■ **What needs to be done**
Lines from the one containing "RTS NO MOQ Summer" through the last line of the records below need to be repeated exactly; nothing else, and no pictures.
═══ Input data
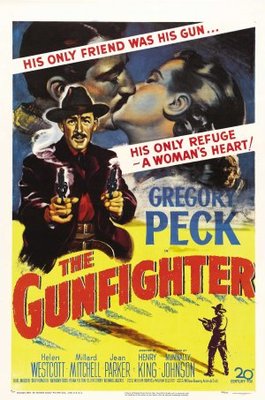 The Gunfighter movie poster (1950) mouse pad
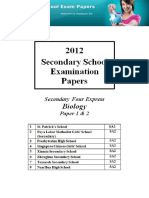 2012 Sec 4 Biology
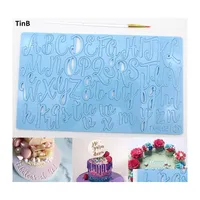 Cake Tools Cake Tool Acrylic Capital/Alphabet/Number Präglad Cutter Mold Letter Cake/Cookie Stamp Fondant Decorating Tools Drop Del DHVMD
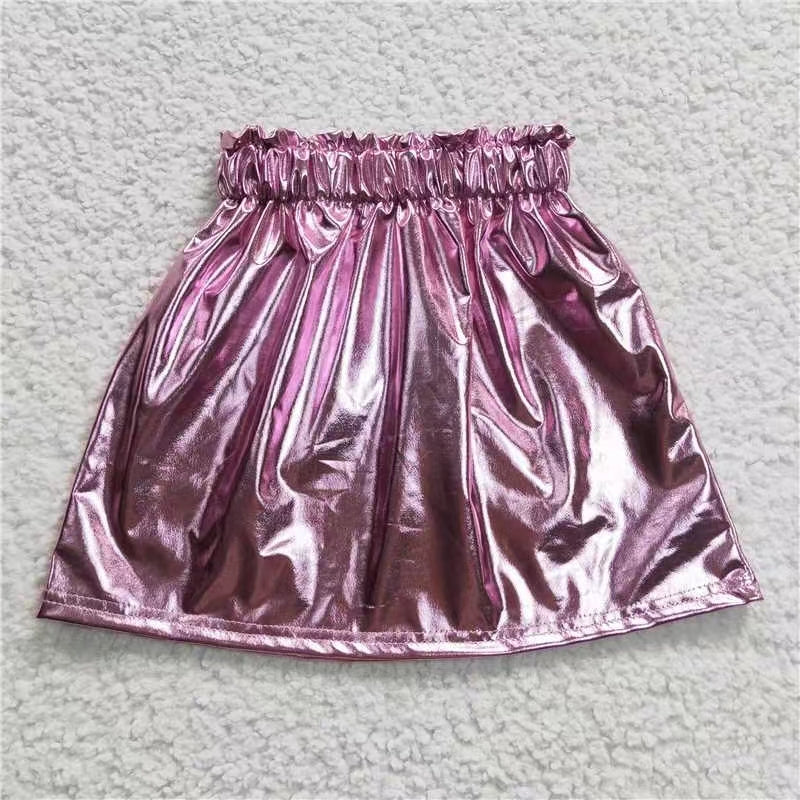 RTS NO MOQ Summer Sibling Baby Girls Leather Bottom Skorts Skirts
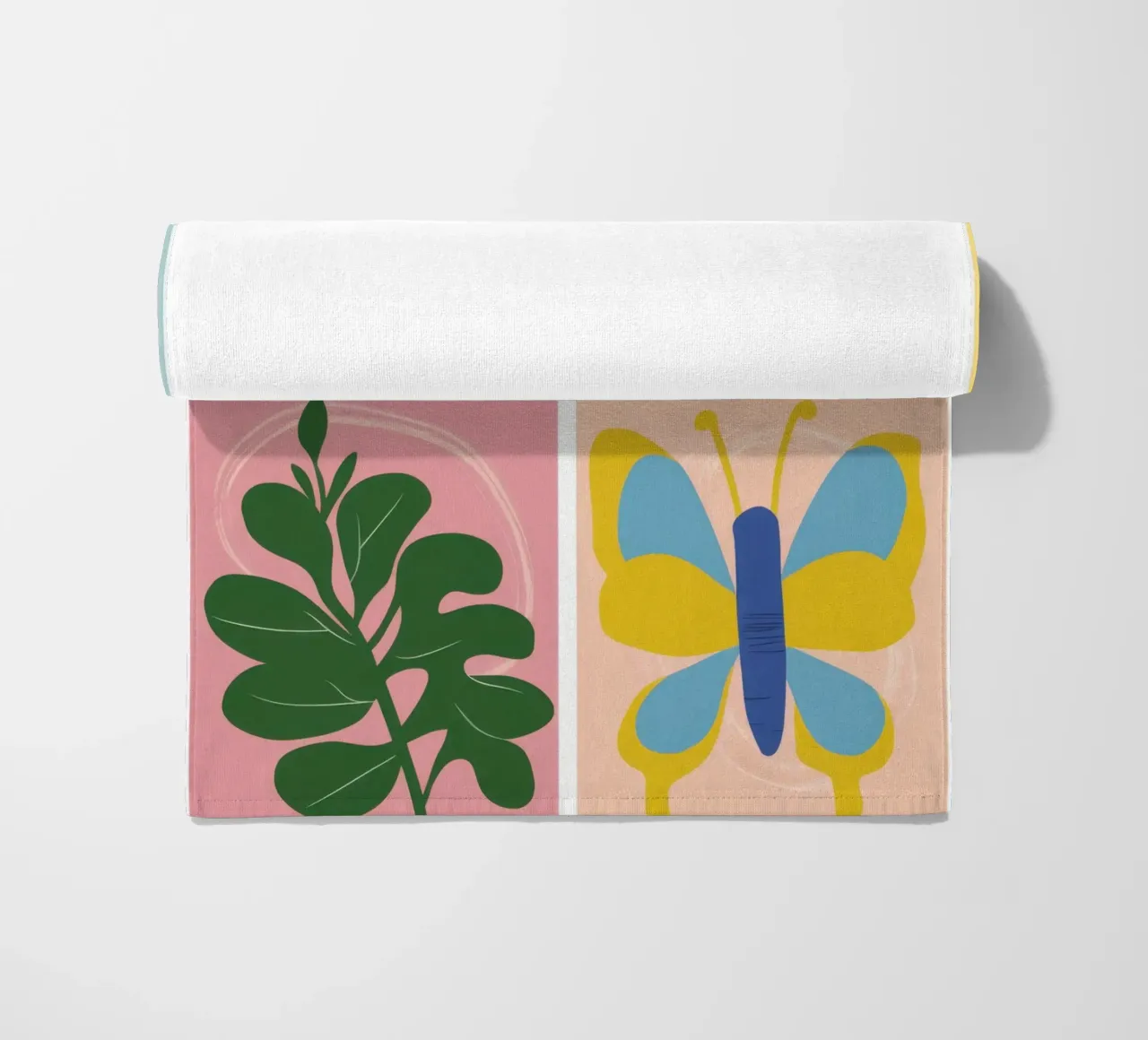 Griglia di studio botanico telo mare da Solar Paint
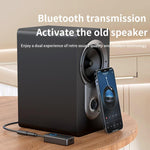 Adattatore audio Bluetooth 5.4 2 in 1 con trasmettitore/ricevitore e ingresso AUX da 3,5 mm per auto/TV/cuffie, M30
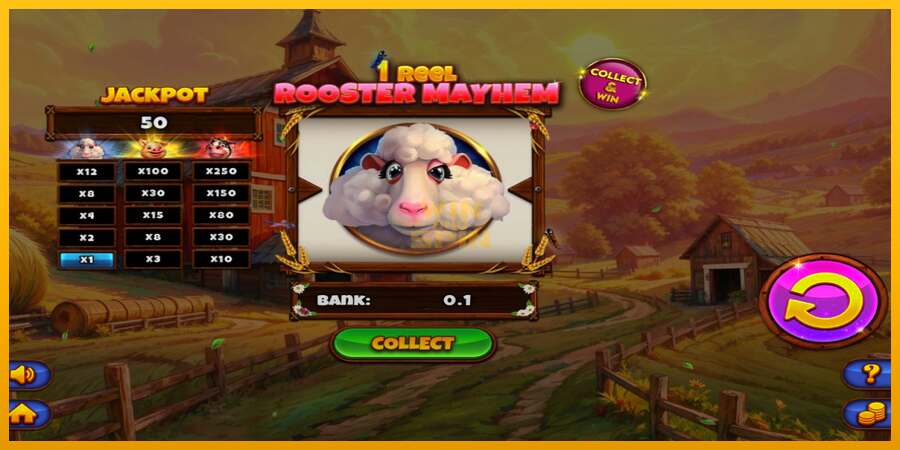 1 Reel Rooster Mayhem dirua lortzeko joko-makina, irudia 2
══════
■ **Solved exercise**
 RTS NO MOQ Summer Sibling Baby Girls Leather Bottom Skorts Skirts
 Griglia di studio botanico telo mare da Solar Paint
 Adattatore audio Bluetooth 5.4 2 in 1 con trasmettitore/ricevitore e ingresso AUX da 3,5 mm per auto/TV/cuffie, M30
 1 Reel Rooster Mayhem dirua lortzeko joko-makina, irudia 2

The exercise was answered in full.